For two years, I got us tickets for local off-broadway musicals. I think those were my favorite gifts to give him. It was such a fun and memorable shared experience (but then he hit 7th grade and asked me in advance not to do that again). I’ve tended to give “experiences” or needed material items (such as a school music instrument, winter coat, etc.) and leave the electronics giving to the grandparents.

meechee's avatar

When I was growing up we were never given things for our Birthdays or Christmas that we needed. And my Dad never believed in cash…gift cards weren’t a prevalent back then either as they are now.
Now, with my own kids we don’t have as much money as my parents did so we tend to go a little overboard. My kids will use their money though to buy clothes or jackets or shoes that they need so I don’t feel too bad. We spend approximately $250 on each for their BDays and $400 on each for Christmas.

tranquilsea's avatar

@meechee Welcome to Fluther :-)

Neizvestnaya's avatar

@Cupcake: The iPod Touch is a pretty neat gizmo, I’ve used on and it’s like a tiny computer. I never before believed in getting these types of things for kids until I realized these devices are the books, the encyclopedias, the museums and socializing for them outside of being hustled from school to extracurriculars to home and back again. I suggested my bf he buy one for his oldest kid (16) last Christmas but he ended up buying them for all three kids, the youngest being 11 and all kids reportedly really like them and use them still.
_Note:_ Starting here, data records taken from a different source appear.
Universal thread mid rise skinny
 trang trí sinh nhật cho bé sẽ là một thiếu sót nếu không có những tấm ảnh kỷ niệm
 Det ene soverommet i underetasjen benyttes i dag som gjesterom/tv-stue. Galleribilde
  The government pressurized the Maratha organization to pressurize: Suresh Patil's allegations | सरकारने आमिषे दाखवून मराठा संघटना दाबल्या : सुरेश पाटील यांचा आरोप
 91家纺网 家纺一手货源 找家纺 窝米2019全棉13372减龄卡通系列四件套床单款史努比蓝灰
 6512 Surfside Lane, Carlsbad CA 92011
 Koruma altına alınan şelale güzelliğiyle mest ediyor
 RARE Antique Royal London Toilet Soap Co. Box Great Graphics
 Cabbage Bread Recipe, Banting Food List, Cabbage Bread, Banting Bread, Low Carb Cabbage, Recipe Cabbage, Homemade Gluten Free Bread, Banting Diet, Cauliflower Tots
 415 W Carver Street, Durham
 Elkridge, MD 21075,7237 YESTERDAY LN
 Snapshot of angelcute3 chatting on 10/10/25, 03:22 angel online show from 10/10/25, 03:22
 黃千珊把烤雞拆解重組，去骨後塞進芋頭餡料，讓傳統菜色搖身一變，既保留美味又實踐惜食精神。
He liked it well enough to buy one for himself a few months back. I think the lesser expensive of the two versions is under $200.

sakura's avatar

Too much just spent £70 on new clothes and about £30 on sleepover party for my daughters 12th brthday!! But she dosen’t ask/expect much so I tend to end up spending more… for Christmas she oftne wants suprises!

Sweetpea's avatar

We have a fairly large family, and a lot of siblings and parents and grandparents close to home. Because of this, every time a birthday rolled around, it was a major expense having everyone over for dinner and cake and ice cream. We really didn’t mind, but once our kids got older and they weren’t as excited about big parties, we would give them about $100 toward something they really wanted and we would just have a small birthday dinner for them. For example….my daughter requests a crab-leg dinner each year, and some of the gifts she has picked have been a guitar and a laptop. My son always picks different foods for his birthday dinners, and he has chosen a laptop, a desktop and an Ipod touch.
We have also been fortunate (IMO) in that we have had a family business where the kids could help out and earn a little money through the years.They put some away, tithed some and spent some. This is how my daughter paid for her first year of college.

Neizvestnaya's avatar

Here’s what we just did. My SO is divorced and the 3 kids live with their mom so it’s not like they go in together on gifts anymore. We got each kid a gift card of $100. to a clothes store we know they shop in order to make sure they really do get needed clothes instead of spending cash. On top of that each got a stocking stuffer gift of a game and one got a jewelry item under $50.

The kids are each in their teens and I think they have the attitude now that scads of gifts are for little kids and bigger kids get fewer but more tailor picked things.